Everyone talks about video and graphics quality when they talk about a system being HD, but HD also does wonders for the audio. The sound in this game is great; from the crowd cheering to the cars revving and of course the fun soundtrack – it all comes together well.
Now, let us address common Nintendo naysayer complaints. Nintendo has never really been all that supportive of online play. Mario Kart presents a great try at it. It is the first time I was excited to add my friends to my Wii U so we could race online together. It is also very easy to join in on games with anyone regionally or worldwide. The game also allows for two players to be playing online from your system. This means my fiance and I can both have a race with other groups online together. This leap from the wonky Pokemon online play seems like a step in the right direction for Nintendo.

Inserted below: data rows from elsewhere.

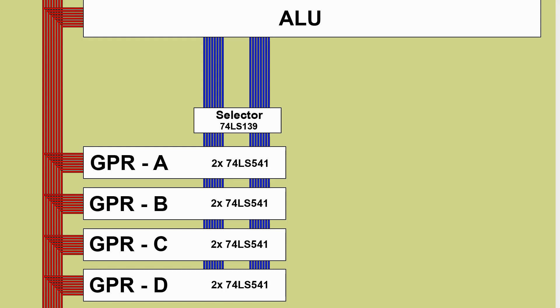So let's start off with a quick reminder of how our inputs work. We've got the LHS and RHS bus, which we can select any of our four general purpose registers onto, and they get wired directly into the arithmetic and logic unit. Then the ALU can assert its current result back out onto the bus, where we can put it wherever we want. So let's zoom in on the ALU.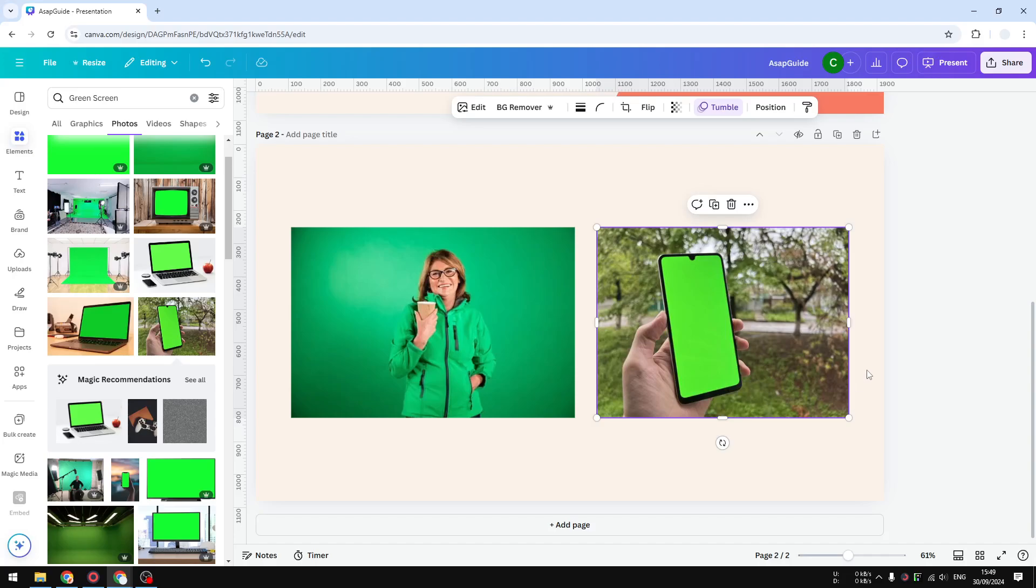Does Canva have a chroma key feature? Well, the answer is kind of.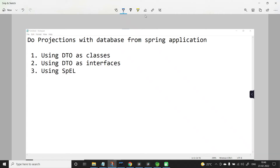In this video, let us learn to do projections with the database using DTO as interfaces. If you want to learn projections using DTO as classes, please watch the video on projections using DTO as classes. In our application we have product as the domain model.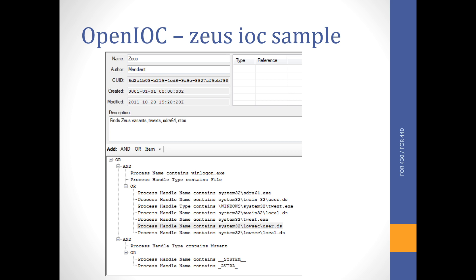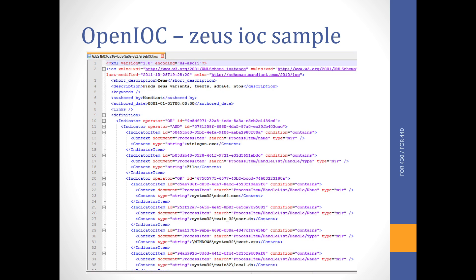The IOC Editor is a really easy tool to use. You can see there are conditions between the different indicators — for example, an OR between some indicators and an AND inside others, so some conditions must all be true while for others only one needs to match. You can see the description, creation date, modification date, the GUID, the author (Mandiant), and so on — all created by the OpenIOC editor.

Another HUGE complaint about Nintendo is that they do not make games with “real gamers” in mind. Although I hate to define what a real gamer is, and thus make gaming an exclusive thing as opposed to an awesome inclusive thing, I suppose I can understand what these critics might mean. Mario Kart will probably not be a significant test for hardcore gamers. It is no Halo, it is Mario Kart, and I can’t fault it for being that. Unless I have somehow become amazing at this game, the difficulty level seems to have dropped since previous versions, although that might be a result of the improvement in car controls. I just wish there were more options on tweaking the difficulty of gameplay. I have only played a couple games with the hardest NPCs on the fastest speed, so perhaps I have just been lucky those times, but I can’t help thinking that if I don’t spend half my time on Rainbow Road falling off the track then something just feels wrong.
While it is still another game that doesn’t really use the gamepad, I do enjoy playing races on it while my TV can be used for other things.
In the end, this game is FUN, it brings me back to all those times my friends and I spent squished in a dorm screaming at each other as we raced. I suggest everyone go try it somewhere. In fact, come over and have a race with me since I am probably one of the few people you know with a Wii U, but if there was any motivation to get one, this game is it.